The Reconceptualization
So here's the reconceptualization: AGI's purpose isn't to "help everyone" in some vague, egalitarian sense. Its purpose—whether by design or emergence—is to eliminate the extractive intermediary class that blocks efficient resource allocation and direct value exchange.
Think of it as removing a systemic bottleneck. Capital at the top wants to deploy efficiently. Capability at the bottom wants fair compensation. The middle captures the spread—through fees, through artificial complexity, through manufactured gatekeeping.
AGI eliminates this by:
- Democratizing information (no more information asymmetry)

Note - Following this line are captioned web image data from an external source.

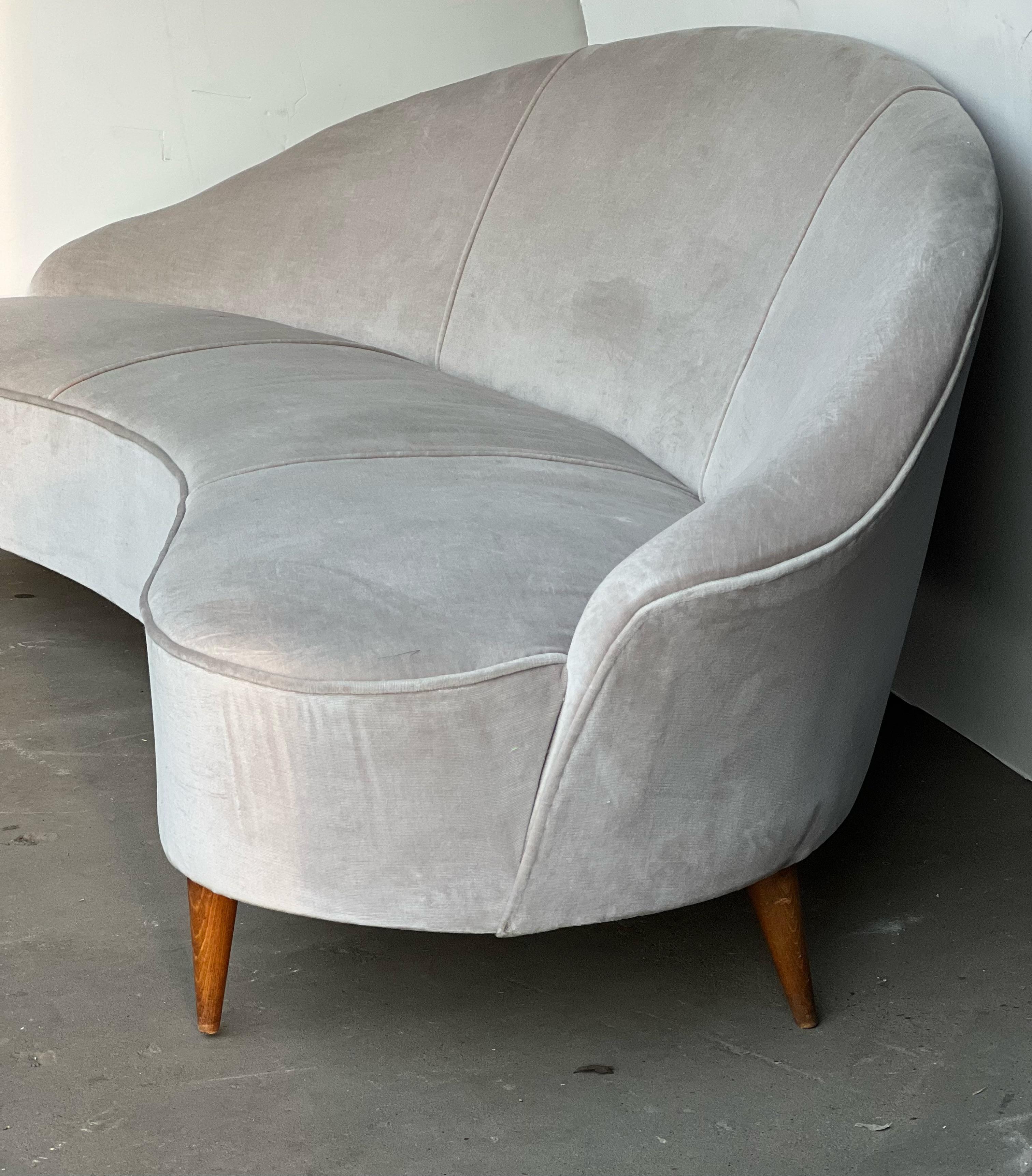 Beautiful Italian curved sofa with performance grade velvet that sits upon wooden legs in the style of Munari. This is a fabulous piece that can be reupholstered and used in any setting from traditional to modern. The upholstery shows imperfections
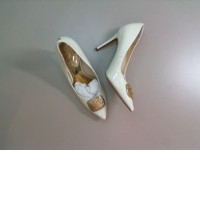 Women's high-heeled white shoes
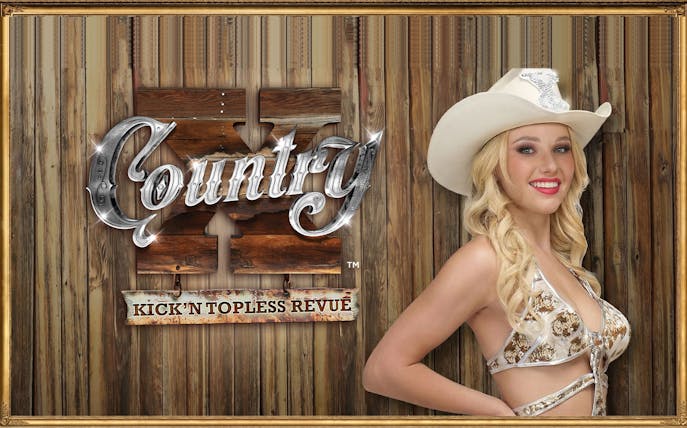 Country X Kick'n Topless Revue sign with performer in cowboy hat, Vegas.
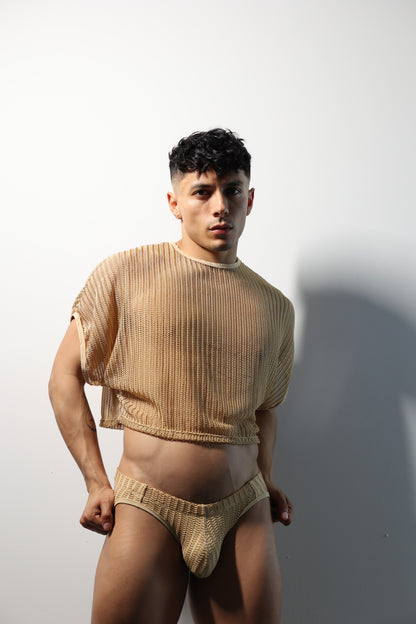 Fabian Divani modeling a sheer natural mesh crop top and swim brief set—handmade men's swimwear—posed in front of a white wall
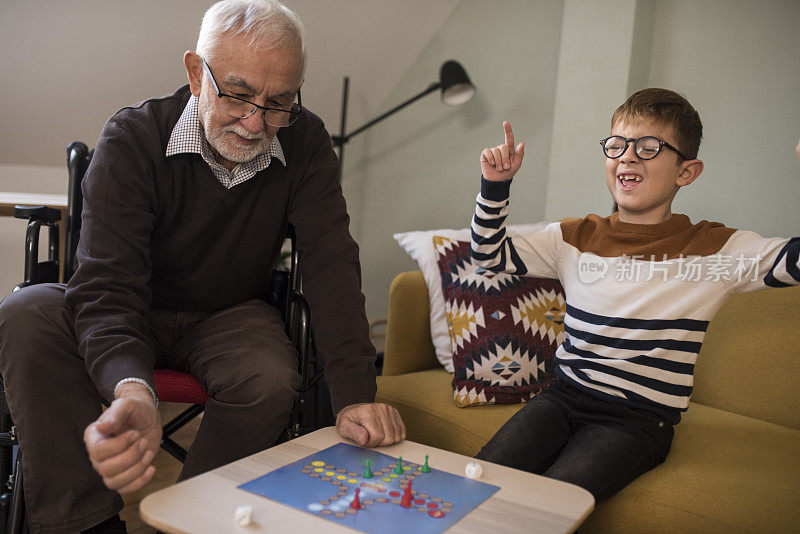 坐轮椅的老人和他的孙子在玩棋盘游戏
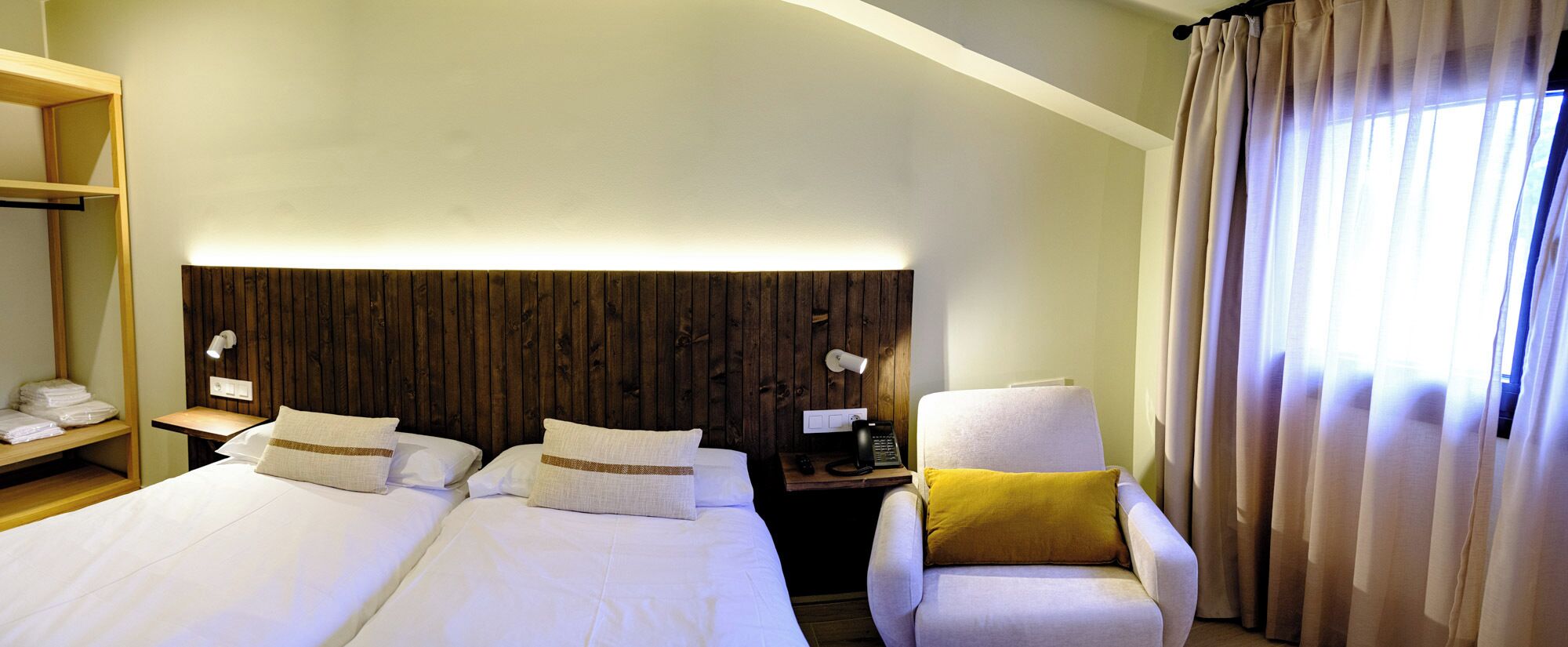 Habitación de hotel con dos camas, cabecera de madera, mesita de noche con lámpara, una silla con almohada amarilla y una ventana con cortinas.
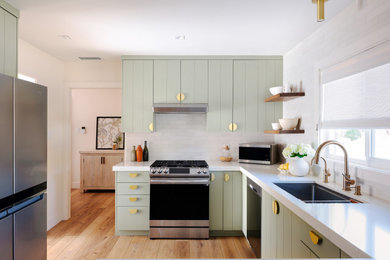 サンフランシスコにあるトランジショナルスタイルのおしゃれなキッチン (緑のキャビネット、白いキッチンパネル、シルバーの調理設備、白いキッチンカウンター) の写真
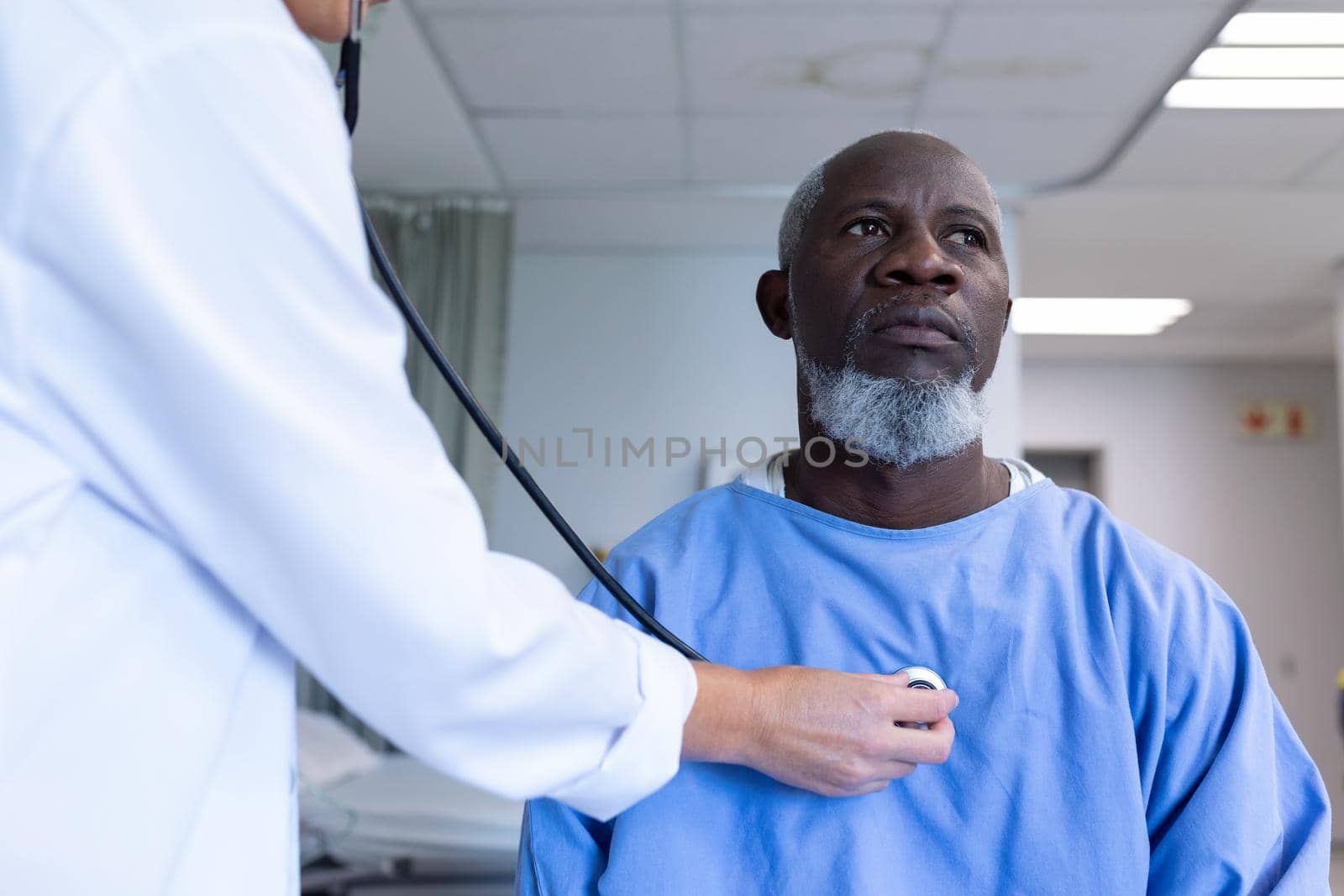 Caucasian female doctor examining with stethoscope african american male patient in hospital room by Wavebreakmedia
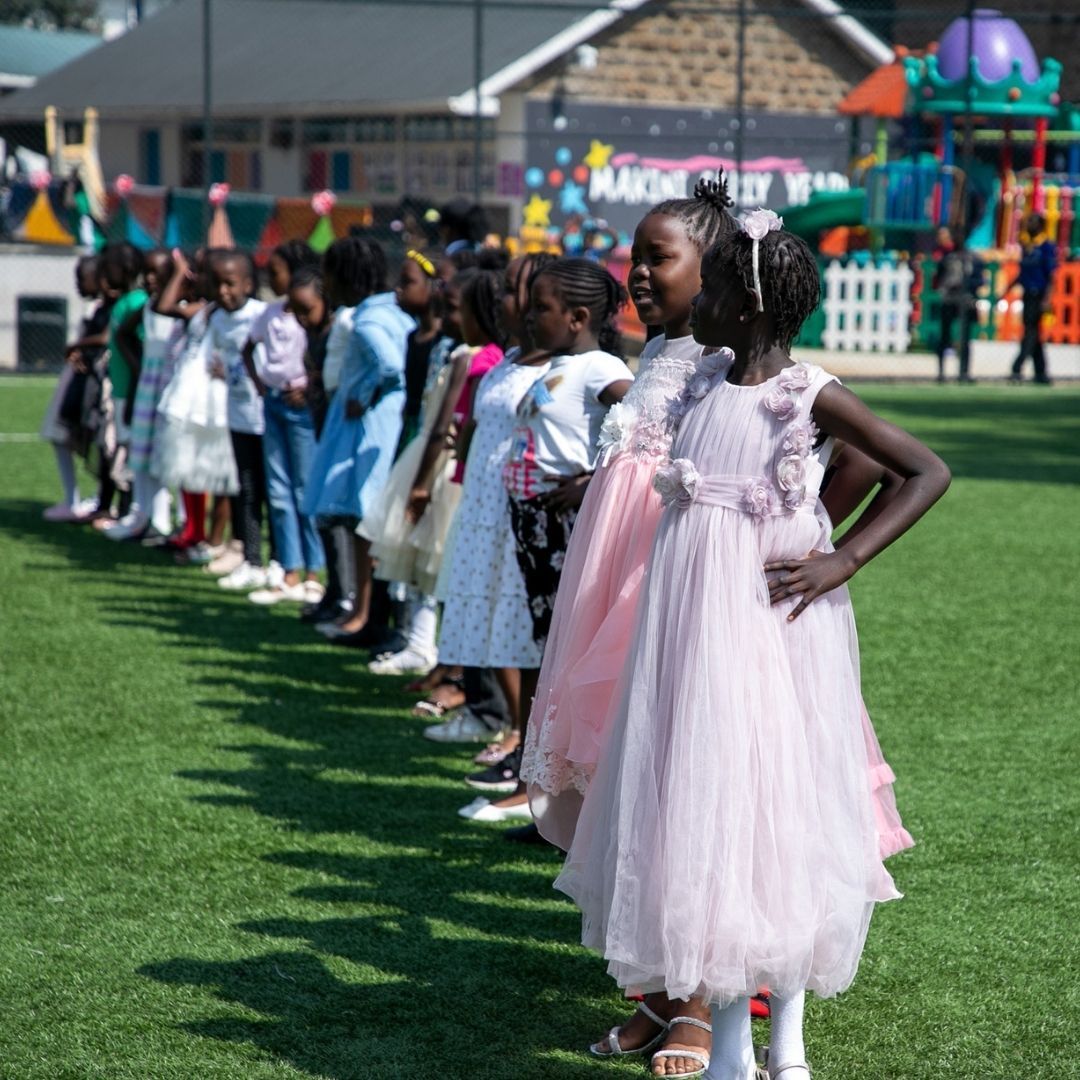 A group of young girls in pink dresses are standing in a line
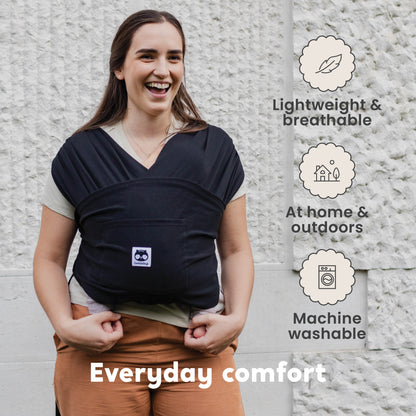 CuddleCarry™ Easy-Wear Baby Wrap Carrier in Black – a lightweight, T-shirt-style baby wrap offering a snug, hands-free fit for newborns to toddlers (8-35 lbs). Ergonomic, adjustable, and designed for all body types (XS-XXL).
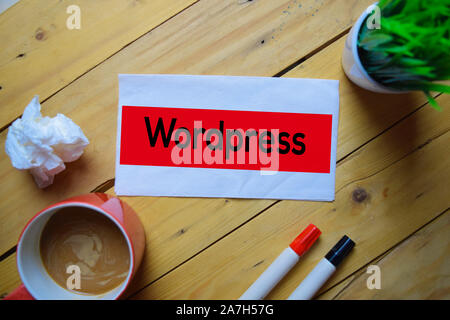 Wordpress write on the tissue with wooden table background Stock Photo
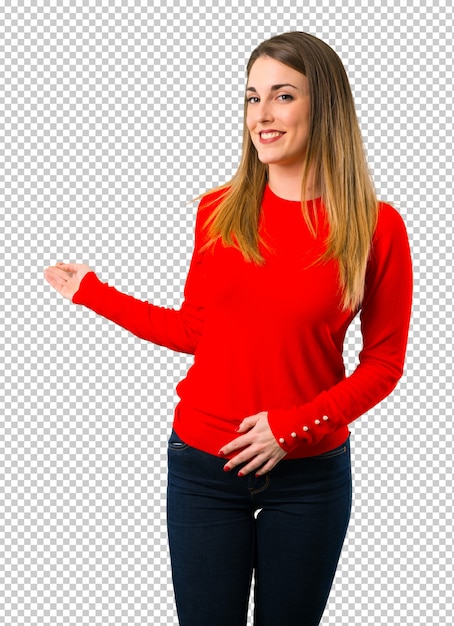 Mujer rubia joven que señala detrás con el dedo índice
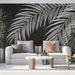 Un salon moderne avec un papier peint noir orné de grandes feuilles blanches de palmier, créant une atmosphère élégante et tropicale.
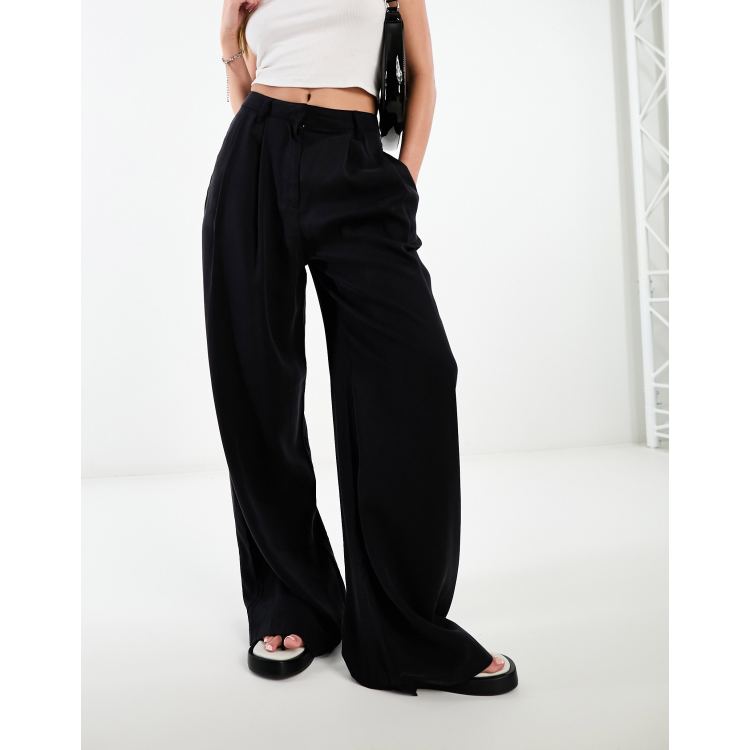 ASOS DESIGN wide leg suit pants in black and orange swirl print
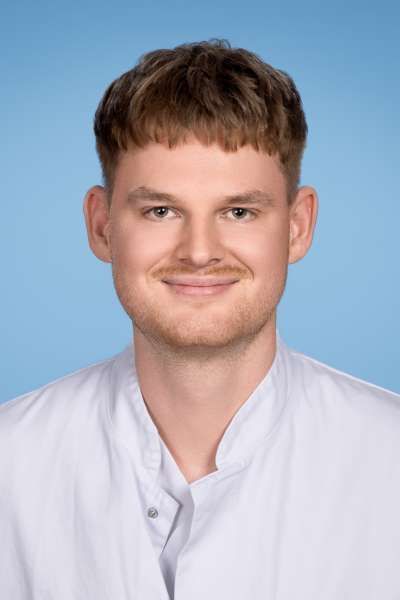 Ein junger Mann im weißen Laborkittel lächelt in die Kamera.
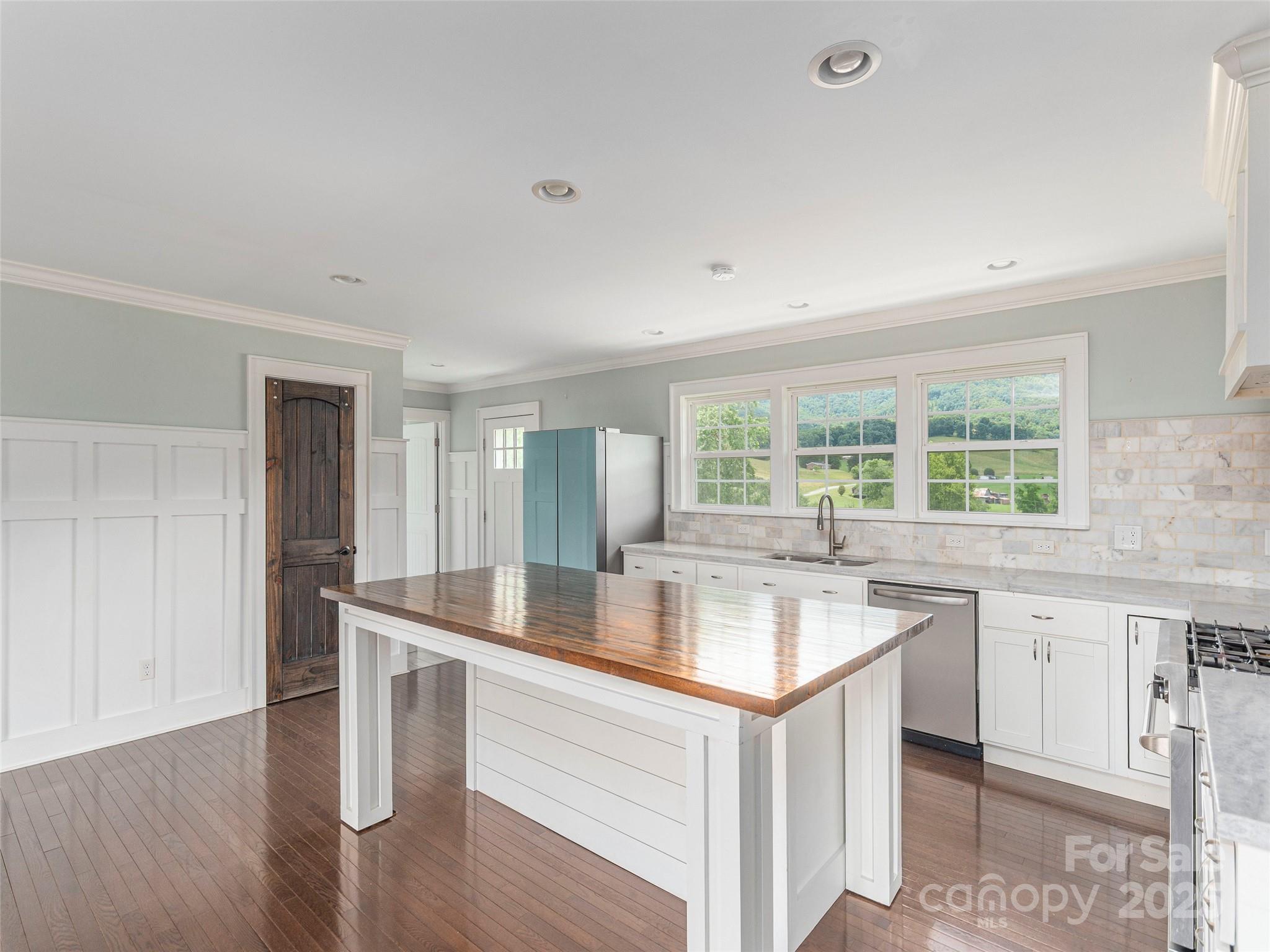 3355 Thickety Road Clyde, NC 28721 - Photo 6 of 33 a kitchen with a sink cabinets and wooden floor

- Automating coordination (no more middle managers justifying their existence through process)
- Removing gatekeeping (credentials become less predictive when capability is verifiable through AI-augmented demonstration)
This isn't about making everyone equal. It's about removing the parasitic layer that was extracting from both productivity and capital without creating proportional value.
The question then becomes: if this is AGI's actual function—middle-class elimination—how should we think about building it? Not as a general intelligence project trying to replicate human cognition, but as a strategic tool for restructuring political economy.
This reframing changes everything: the metrics we care about, the capabilities we prioritize, the deployment strategies we pursue. It's no longer "can we build human-level intelligence?" but "can we build sufficient intelligence to eliminate parasitic intermediaries while enabling direct value exchange?"
That's a more bounded problem. More achievable. More measurable. And perhaps more honest about what we're actually building.